I followed the maintenance schedule religiously — every 5,000 km in Dubai’s dusty climate, and once a year in the Netherlands, where I drove under 10,000 km annually. The biggest services were the timing belt replacements at 90,000 and 180,000 km.

After 15 years, the first signs of age appeared. Headlamps failed one by one, then the taillights, then the third brake light. That last one triggered a cascade of warning lights — ABS, cruise control, 4WD — all because of a single bulb. Nothing mechanical had failed; it was just the Pajero’s quirky electrical logic.
Across nearly 20 years, the Mitsubishi never left me stranded. One flat tire. Two battery replacements (one requiring a jump‑start at home). A cracked windshield from a highway pebble. A rear wiper blade sacrificed to a car wash. My worst “accident” was reversing into a protruding traffic sign and shattering the rear windshield — entirely my fault, not the car’s.

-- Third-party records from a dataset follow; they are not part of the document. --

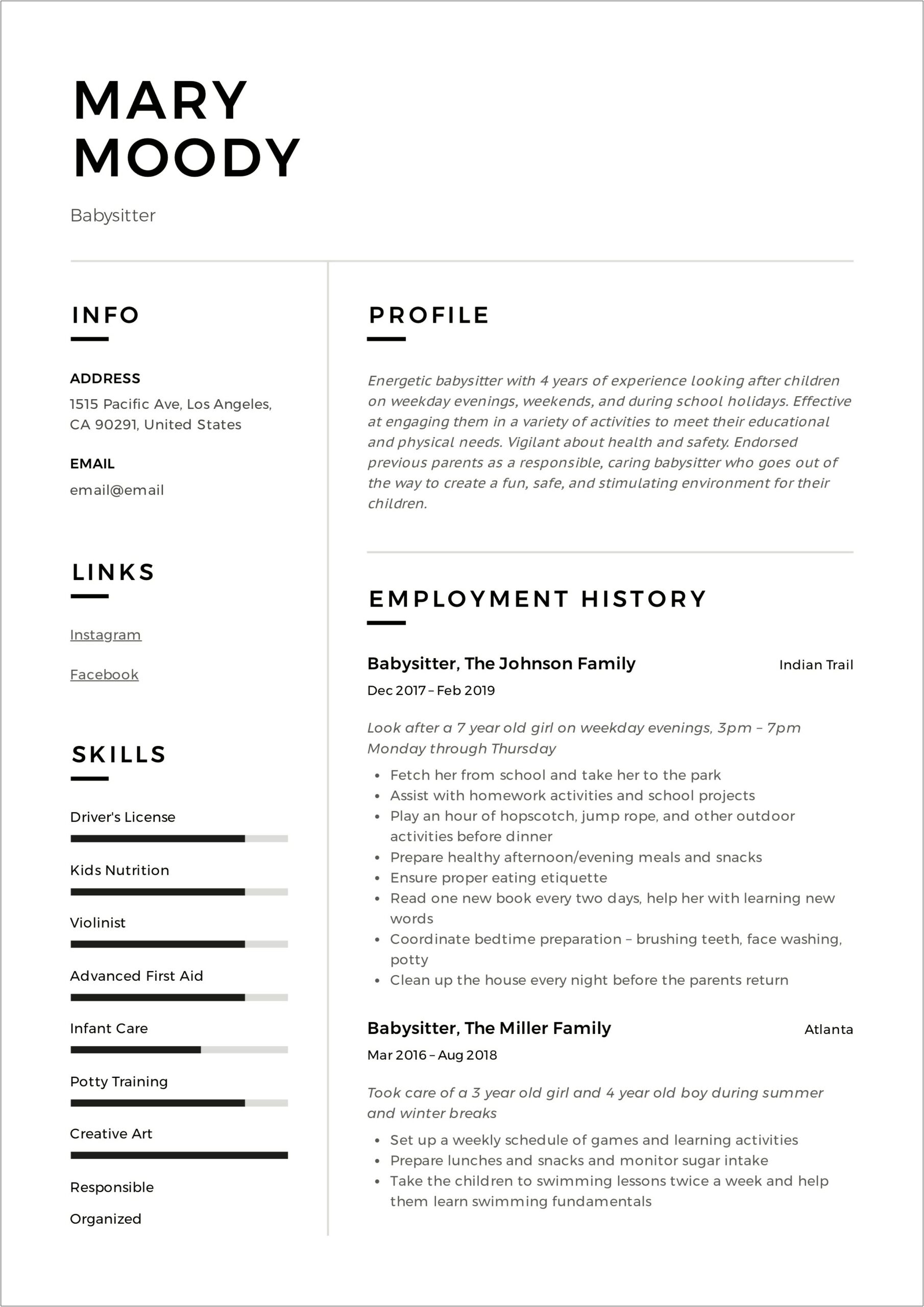 Objective Part Of Resume For A Nanny Position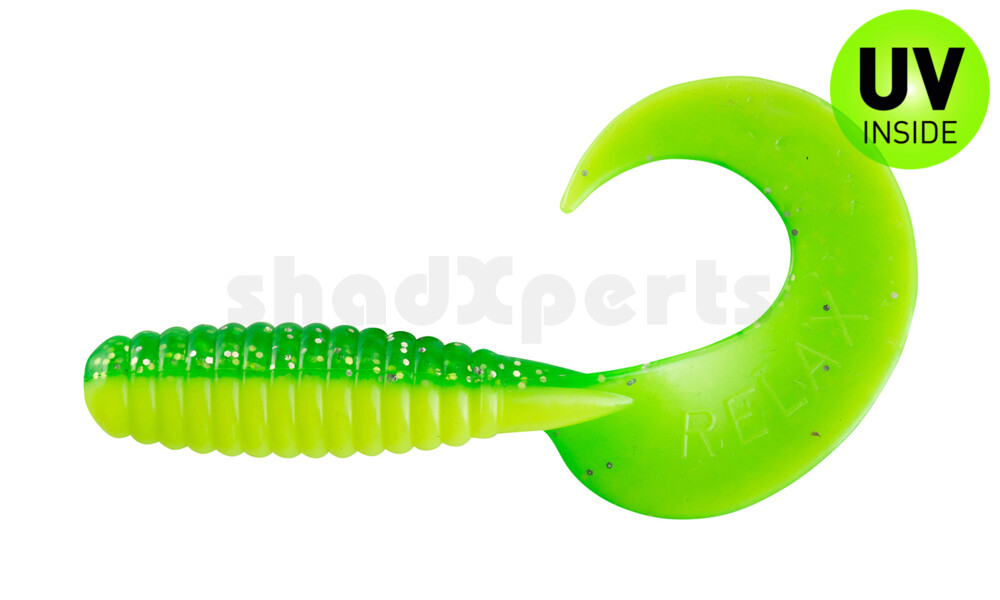 000513B002 Xtra Fat Grub 5,5" laminiert (ca. 13,0 cm) fluogelb  / grün-glitter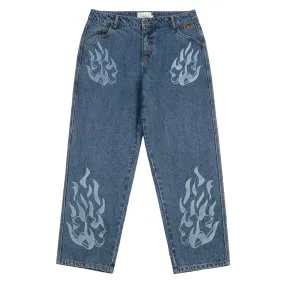 Flamepuzz Relaxed Denim Pants, Indigo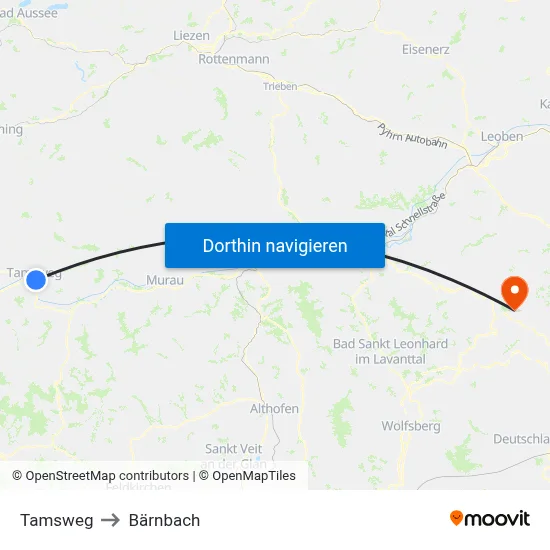 Tamsweg to Bärnbach map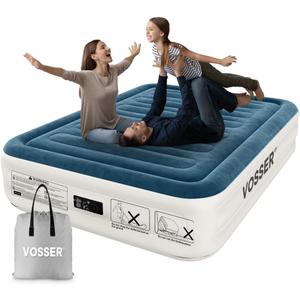 Queen Air Mattress with Built-in Pump,18''Fast & Easy Inflation/Deflation Inflatable Mattress, Foldable Blow Up Mattress with Storage Bag, Inflatable Bed for Home, Camping & Guests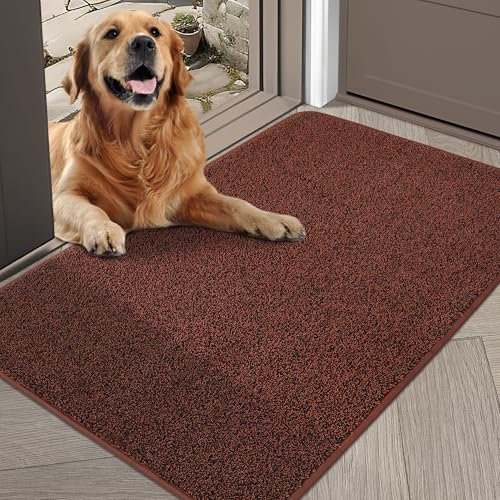 COSY HOMEER Nonslip Door Mats Indoor, 80x120cm Washable Dirt Trapper Welcome Front Doormat for Entryway Room Hallway, Absorbent Indoor Floor Mat for Muddy Shoes & Pets and Dogs, Brown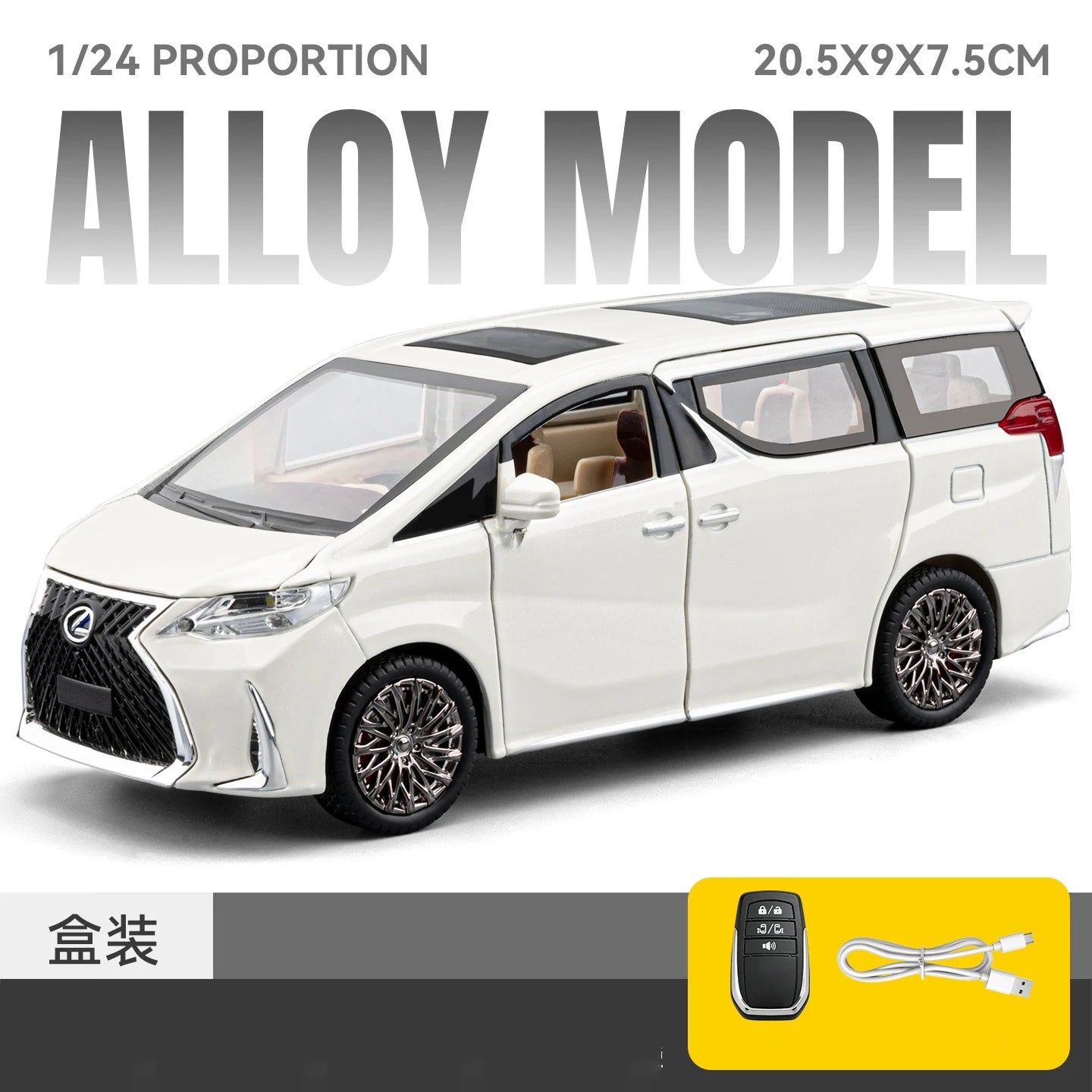 1 24 Scale Alloy MPV Diecast Pull Back Model Car with Sound and Light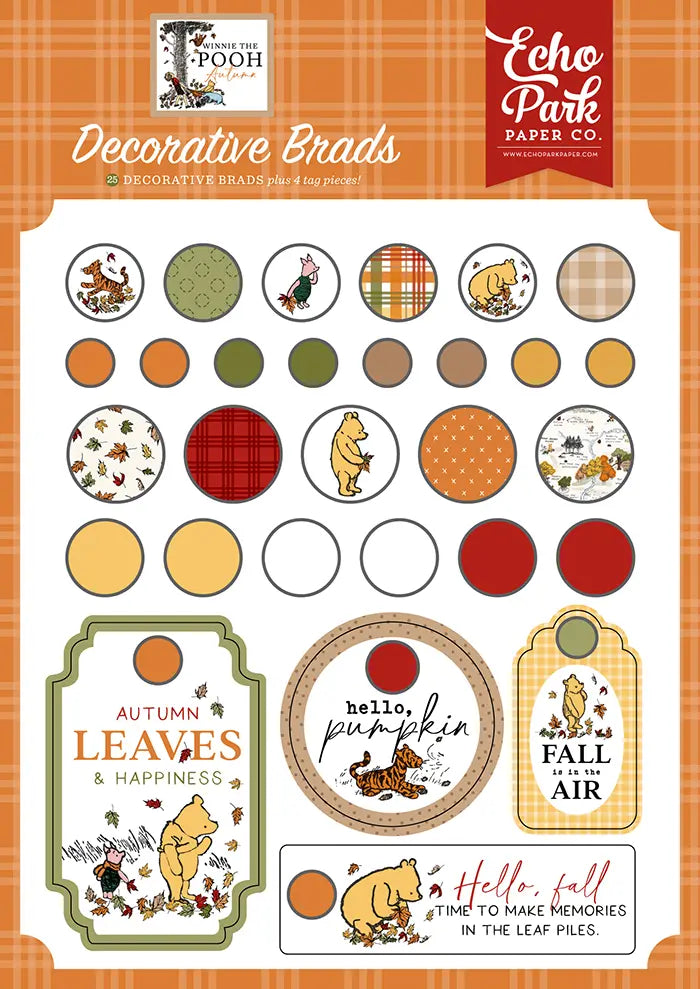Winnie The Pooh Autumn Decorative Brads - Echo Park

This car has seen 10 countries: the UAE, Oman, the Netherlands, Belgium, Luxembourg, France, Germany, the Czech Republic, Denmark, and Sweden. It has travelled 217,073 kilometers — the equivalent of circling the Earth 5.4 times. It endured +53°C in Dubai and
–10°C in the Netherlands, descended to –6 meters along the coast of South Holland, and climbed above the clouds at 2,100 meters in the French Alps.

In 2024, I was scrolling through Pajero crash advertisements, hoping to find an intact rear taillight assembly. Mitsubishi no longer carried the part, and the dealer warned it could take weeks to order one from Japan. With my APK — the Dutch annual vehicle inspection — coming up, I knew a broken taillight meant an automatic failure. That was the moment I wondered whether it was finally time to say goodbye to my old, trusty Pajero.
At my last APK, the inspector pointed out rust on the underside — likely from salted winter roads and my failure to do a proper spring underbody wash. It still passed, but with a yellow warning. The headlights also needed polishing (a Reddit hack: whitening toothpaste works surprisingly well). 15 minutes of polishing and, they were clear enough to pass.

The trade‑in value was €5,500 — more than I expected for a nearly 20‑year‑old car, and on the high end for similar models in the Netherlands. Again, being petrol, not diesel, helped.
At the dealership, I wondered aloud who would buy such a heavy, thirsty SUV in a country where road tax is based on weight. The dealer said it probably wouldn’t stay in the Netherlands — Pajeros are popular in Africa, and many are exported there. It seems the Mitsubishi Pajero’s adventures aren’t over.
As I walked away, I felt like an owner leaving a beloved pet at a shelter. I took one last look at my old, rusty — I mean trusty — Mitsubishi Pajero, hoping it would give someone else a few more years of reliable service and new stories to tell.